所以我想我在反应流上下文中没有正确使用 Bindy。我遵循了这个Camel documentation 并尝试将我的路线改写如下:
from("file:input/?include=.*\\.csv&move=successImport&moveFailed=failImport")
.to("reactive-streams:rawLines");
from("reactive-streams:rawLines")
.unmarshal(bindy)
.to("reactive-streams:lineItems");
它表明路线已正确启动:
2021-01-04 10:13:26.798 INFO 26438 --- [ main] o.a.camel.spring.SpringCamelContext : Route: route1 started and consuming from: file://input/?include=.*%5C.csv&move=successImport&moveFailed=failImport
2021-01-04 10:13:26.800 INFO 26438 --- [ main] o.a.camel.spring.SpringCamelContext : Route: route2 started and consuming from: reactive-streams://rawLines
2021-01-04 10:13:26.801 INFO 26438 --- [ main] o.a.camel.spring.SpringCamelContext : Total 2 routes, of which 2 are started
然后我收到一个异常,指出“该流没有有效的订阅”:
Message History
---------------------------------------------------------------------------------------------------------------------------------------
RouteId ProcessorId Processor Elapsed (ms)
[route1 ] [route1 ] [file://input/?include=.*%5C.csv&move=successImport&moveFailed=failImport ] [ 9]
[route1 ] [to1 ] [reactive-streams:rawLines ] [ 5]
Stacktrace
---------------------------------------------------------------------------------------------------------------------------------------
java.lang.IllegalStateException: The stream has no active subscriptions
at org.apache.camel.component.reactive.streams.engine.CamelPublisher.publish(CamelPublisher.java:108) ~[camel-reactive-streams-2.25.3.jar:2.25.3]
at org.apache.camel.component.reactive.streams.engine.DefaultCamelReactiveStreamsService.sendCamelExchange(DefaultCamelReactiveStreamsService.java:144) ~[camel-reactive-streams-2.25.3.jar:2.25.3]
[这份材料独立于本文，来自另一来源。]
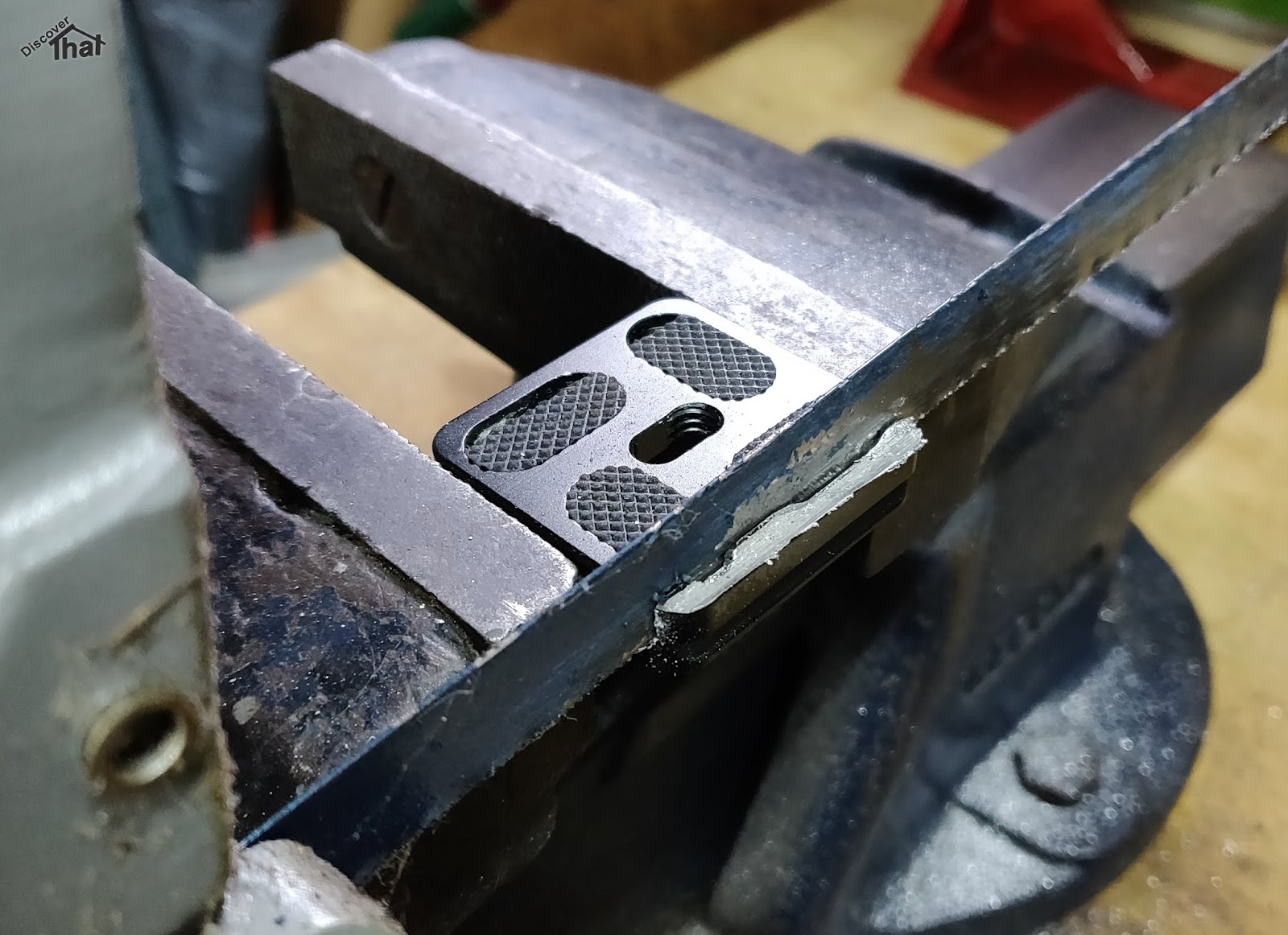 DiscoverThat Journal Tripod mount plate for the M50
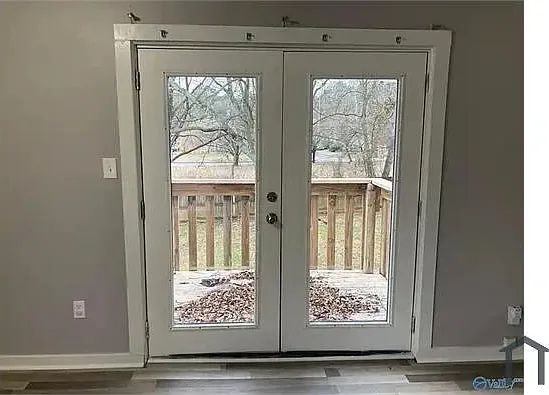 2 bed, $1,100 — Photo 3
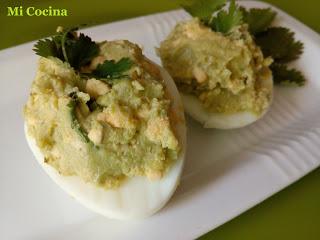 HUEVOS RELLENOS CON GUACAMOLE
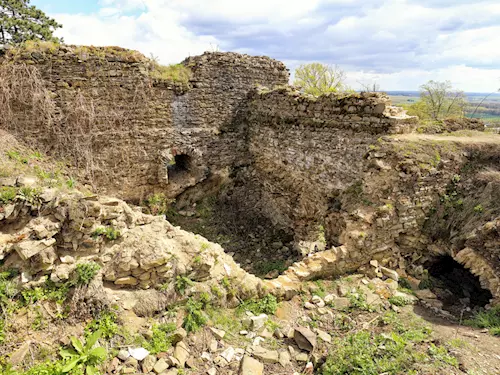 Šelenburk – zřícenina hradu Cvilín 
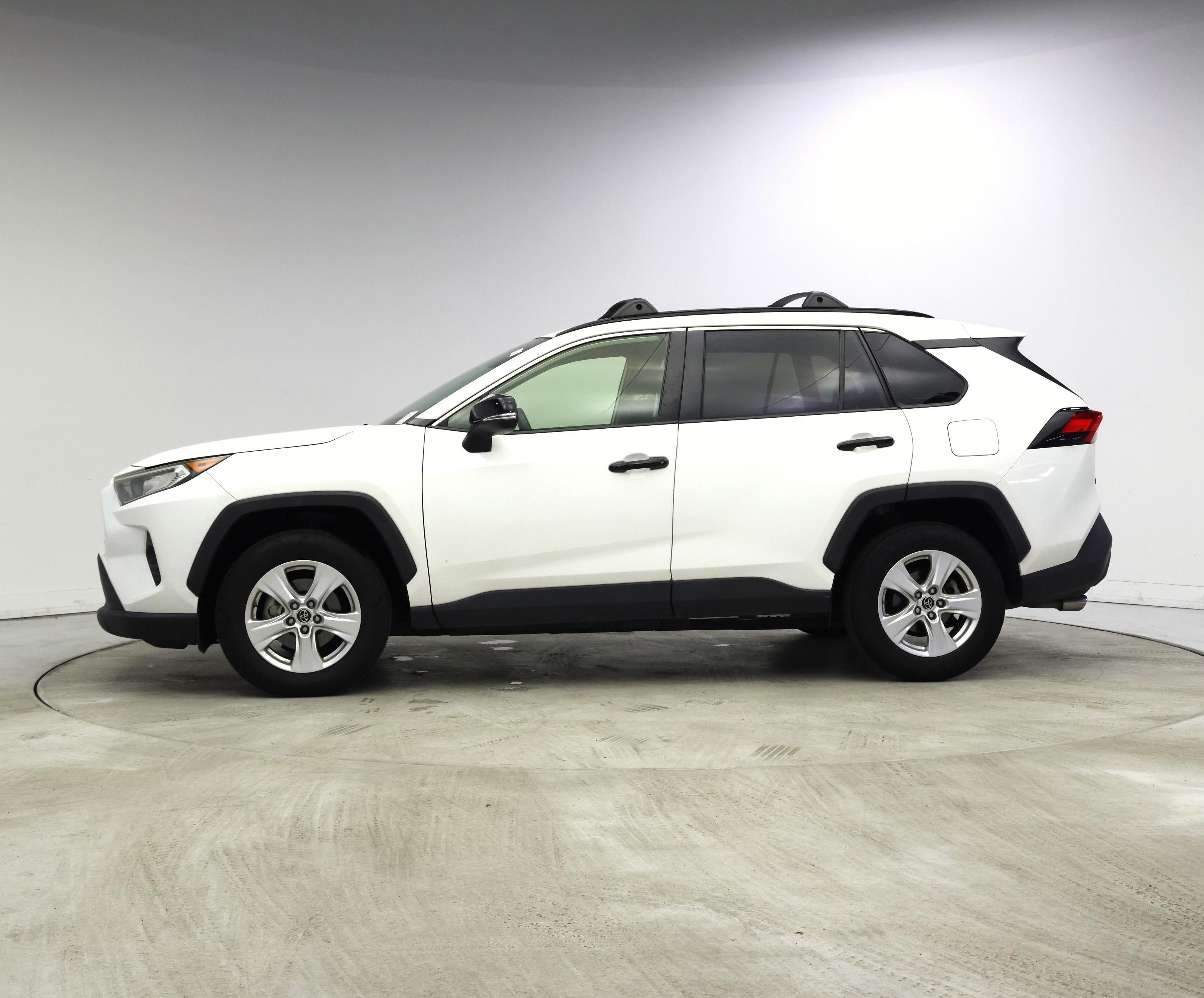 Thumbnail: 2019 Toyota RAV4 - 3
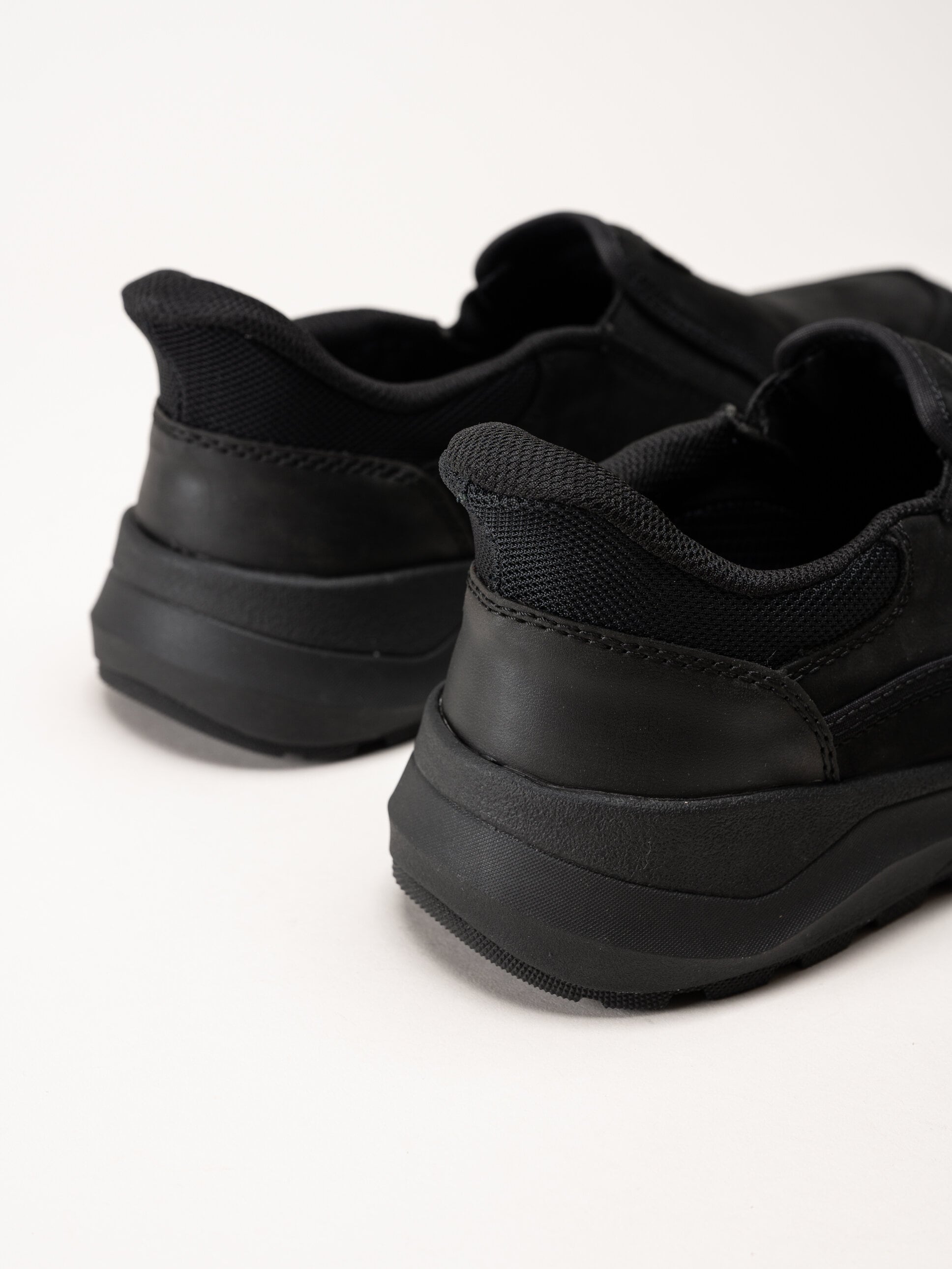 Rieker - Svarta slip on promenadskor i oljad nubuck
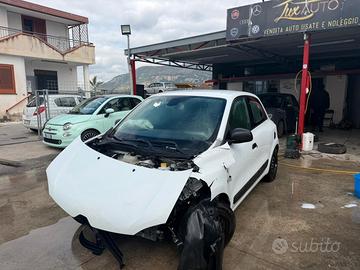Renault Twingo 1,0 sinistrato - 2020
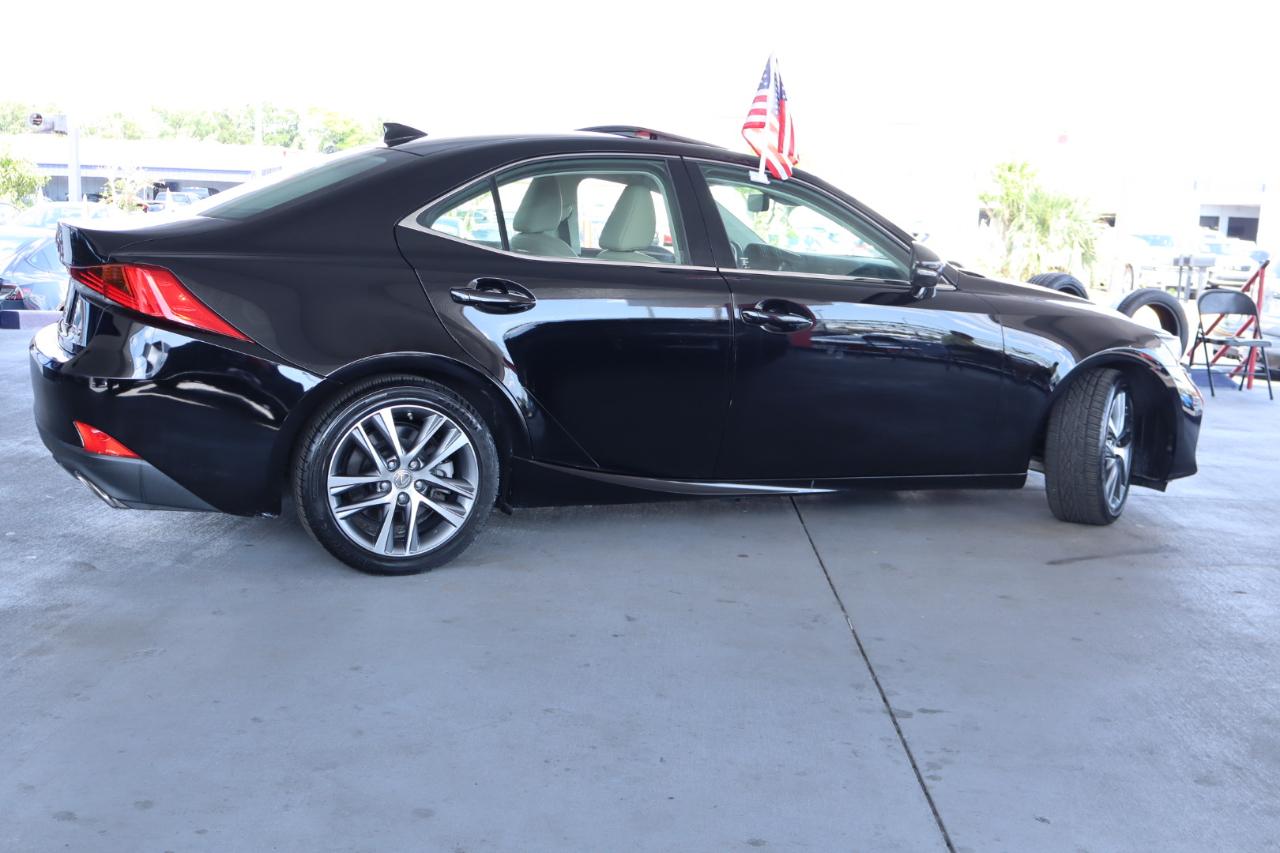 Lexus IS IS 300 RWD 2020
at org.apache.camel.component.reactive.streams.ReactiveStreamsProducer.process(ReactiveStreamsProducer.java:52) ~[camel-reactive-streams-2.25.3.jar:2.25.3]
有没有人能指出我如何将 Bindy 与反应流结合使用?谢谢!
编辑
在 burki 的非常有用的帖子之后,我能够修复我的代码。所以路由定义变成了下面这样。如您所见,我删除了 unmarshal 步骤,因此它只是在文件到达时从文件系统中提取文件并将它们放入反应流中:
@Override
public void configure() {
from("file:input/?include=.*\\.csv&move=successImport&moveFailed=failImport")
.to("reactive-streams:extractedFile");
}
然后将文件流公开为 Flux:
public Flux<File> getFileFlux() {
return Flux.from(camelRs.fromStream("extractedFile", File.class));
}
解析 CSV 的代码如下(按照 burki 的建议使用 OpenCSV,但使用 API 的不同部分):
private Flux<LineItem> readLineItems() {
return fileFlux
.flatMap(message -> Flux.using(
() -> new CsvToBeanBuilder<LineItem>(createFileReader(message)).withSkipLines(1)
.withSeparator(';')
.withType(LineItem.class)
.build()
.stream(),
Flux::fromStream,
BaseStream::close)
);
}
private FileReader createFileReader(File file) {
System.out.println("Reading file from: " + file.getAbsolutePath());
try {
return new FileReader(file);
} catch (FileNotFoundException e) {
throw new RuntimeException(e);
}
}
您现在可以将此生成的 Flux 公开为端点:
@GetMapping(value = "/lineItems", produces = MediaType.TEXT_EVENT_STREAM_VALUE)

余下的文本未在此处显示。